REQUIREMENT: Transcribe the lines exactly, beginning with the one that contains "Two players man" and ending with the final line of the records. Do not transcribe pictures.

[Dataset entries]
================================

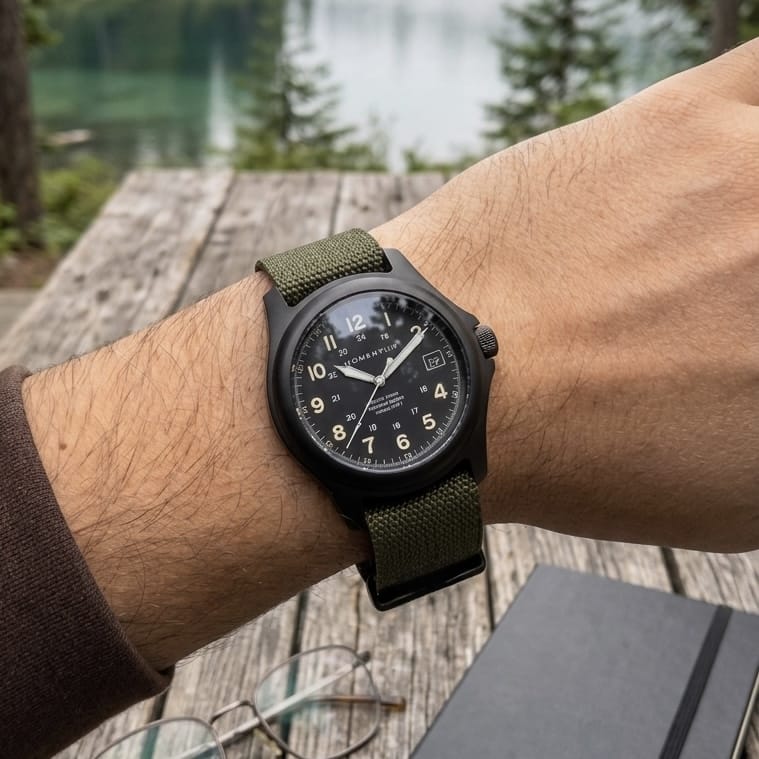 Momentum Montres Caoutchouc Montre à énergie solaire 38mm Smokejumper Eclipse Vert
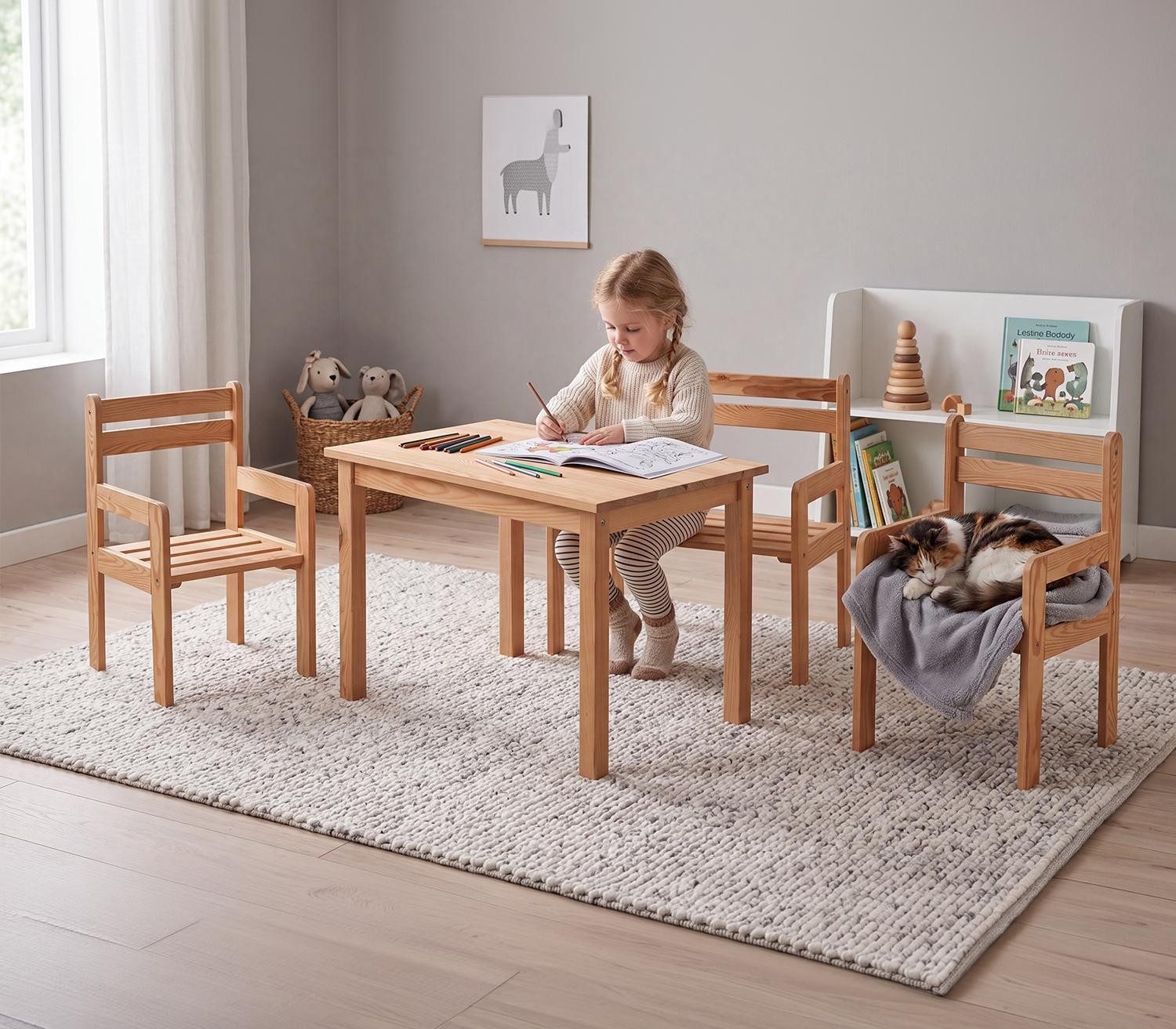 Home4You Kindersitzgruppe 4-teilig, Kiefer, Braun, 1 Tisch, 1 Bank mit Armlehnen, 2 Stühle mit Armlehnen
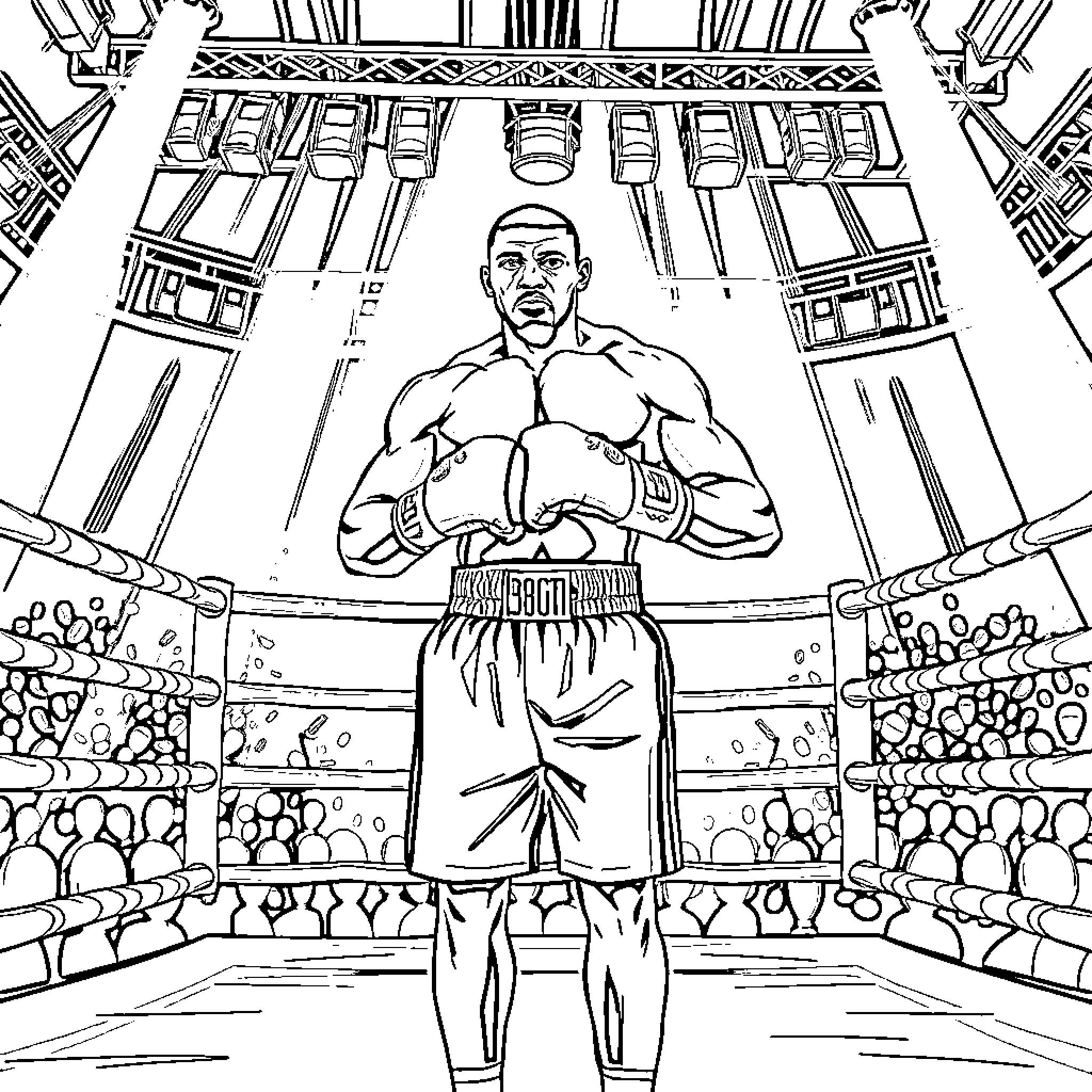 Antony Joshua standing confidently in the boxing ring Coloring Page (free black-and-white line drawing printable PDF for all, from beginners to advanced learners, including children, teens, adults, and seniors)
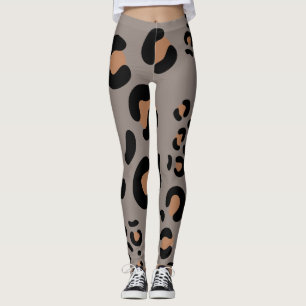 Leggings van zwarte en bruine luipaard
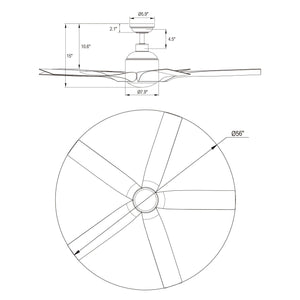 56" Genoa Farmhouse DC Motor Downrod Mount Reversible Ceiling Fan with Lighting and Remote Control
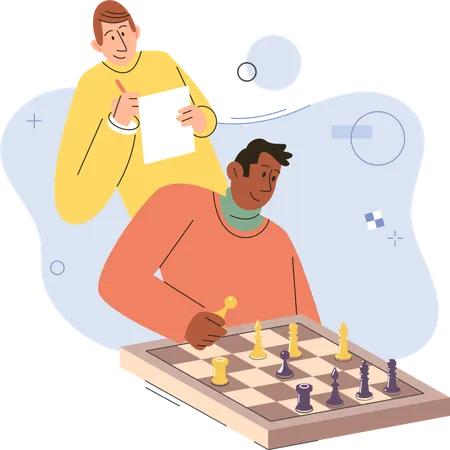 Two players man playing strategic game chess together  Illustration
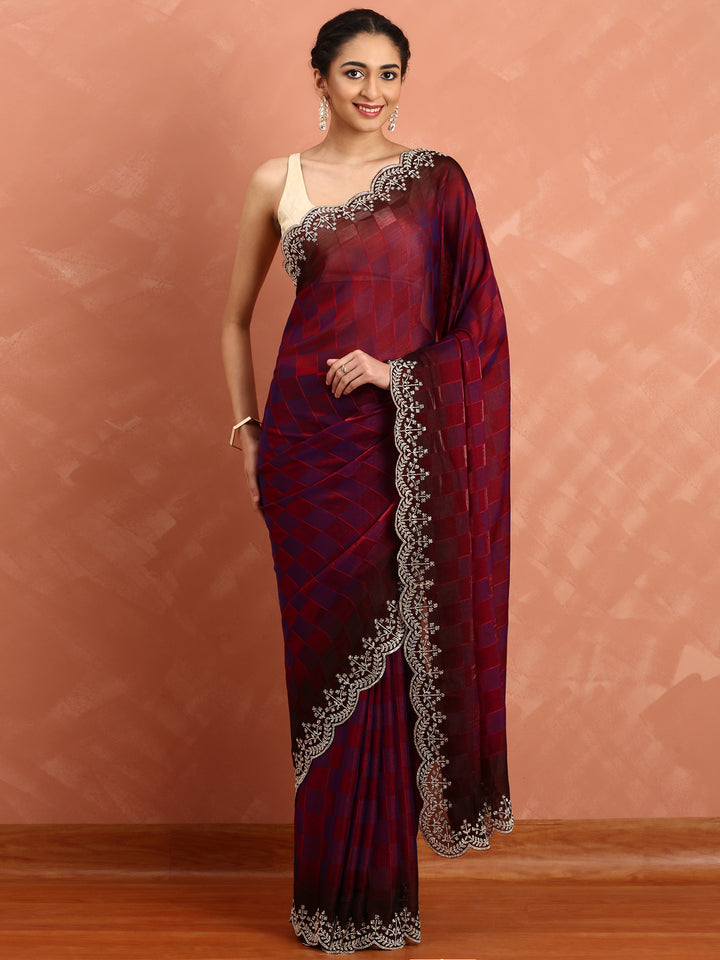 Maroon jacquard satin organza saree with hand embroidery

================================

EXERCISE OUTPUT:
 Two players man playing strategic game chess together  Illustration
 Maroon jacquard satin organza saree with hand embroidery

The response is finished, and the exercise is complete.